Furthermore, I uploaded the function to a github.com repository. This makes it easy to load the function into your R session. The following lines of code import the function into your R session. You can also download the function directly from this post yourself.

# load necessary packages for importing the function
library(RCurl)
# import the function from repository
url_robust <- "https://raw.githubusercontent.com/IsidoreBeautrelet/economictheoryblog/master/robust_summary.R"
eval(parse(text = getURL(url_robust, ssl.verifypeer = FALSE)),
envir=.GlobalEnv)

I prepared a working example that tests the function and shows how it works.
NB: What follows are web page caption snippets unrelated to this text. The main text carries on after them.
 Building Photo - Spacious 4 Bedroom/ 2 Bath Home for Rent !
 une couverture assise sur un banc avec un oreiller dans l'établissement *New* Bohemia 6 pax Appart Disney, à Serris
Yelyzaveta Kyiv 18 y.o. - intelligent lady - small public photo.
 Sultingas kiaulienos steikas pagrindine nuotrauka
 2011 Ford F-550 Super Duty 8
You find the code below.

# start with an empty workspace
rm(list=ls())
# load necessary packages for importing the function
library(RCurl)
# load necessary packages for the example
library(gdata)
library(zoo)
# import the function
url_robust <- "https://raw.githubusercontent.com/IsidoreBeautrelet/economictheoryblog/master/robust_summary.R"
eval(parse(text = getURL(url_robust, ssl.verifypeer = FALSE)),
envir=.GlobalEnv)
# download data set for example
url_data <- "https://economictheoryblog.files.wordpress.com/2016/08/data.xlsx"
data <- read.xls(gsub("s:",":",url_data))
# estimate simple linear model
reg <- lm(weight ~ lag_calories+lag_cycling+
I(lag_calories*lag_cycling),
data=data)
# use new summary function
summary(reg)
summary(reg,robust = T)
# strangely enough we get a case in which
# robust standard errors a smaller than
# conventional standard errors

### Like this:

Like Loading...

*Related*

Pingback: Robust Standard Errors in R – Function | Economic Theory Blog

Pingback: Robust Standard Errors | Economic Theory Blog

Pingback: Robust Standard Errors in STATA | Economic Theory Blog

Pingback: Violation of CLRM – Assumption 4.2: Consequences of Heteroscedasticity | Economic Theory Blog

The lack of the “robust” option was among my biggest disappointments in moving our courses (and students) from STATA to R. We will all be eternally grateful to you for rectifying this problem.
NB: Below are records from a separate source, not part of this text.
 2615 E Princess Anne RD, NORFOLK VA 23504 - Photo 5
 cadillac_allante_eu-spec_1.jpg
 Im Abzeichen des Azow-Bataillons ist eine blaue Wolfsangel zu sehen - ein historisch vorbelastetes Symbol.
Thank you for your kind words of appreciation. I’m glad I was able to help.

Have you come across a heteroscedasticity-robust F-test for multiple linear restrictions in a model?

I can’t say I have.

What I know is that, once you start using heteroscedasticity consistent standard errors you should not use the sums of squares to calculate the F-statistic. The reason for this is that the meaning of those sums is no longer relevant, although the sums of squares themselves do not change. To my understanding one can still use the sums of squares to calculate the statistic that maintains its goodness-of-fit interpretation. However, you cannot use the sums of squares to obtain F-Statistics because those formulas do no longer apply. Instead of using an F-Statistic that is based on the sum of squared what one does is to use a Wald test that is based on the robustly estimated variance matrix.

So, if you use my function to obtain robust standard errors it actually returns you an F-Statistic that is based on a Wald test instead of sum of squares.

I suppose that if you want to test multiple linear restrictions you should use heteroscedasticity-robust Wald statistics. I don’t know that if there is actually an R implementation of the heteroscedasticity-robust Wald.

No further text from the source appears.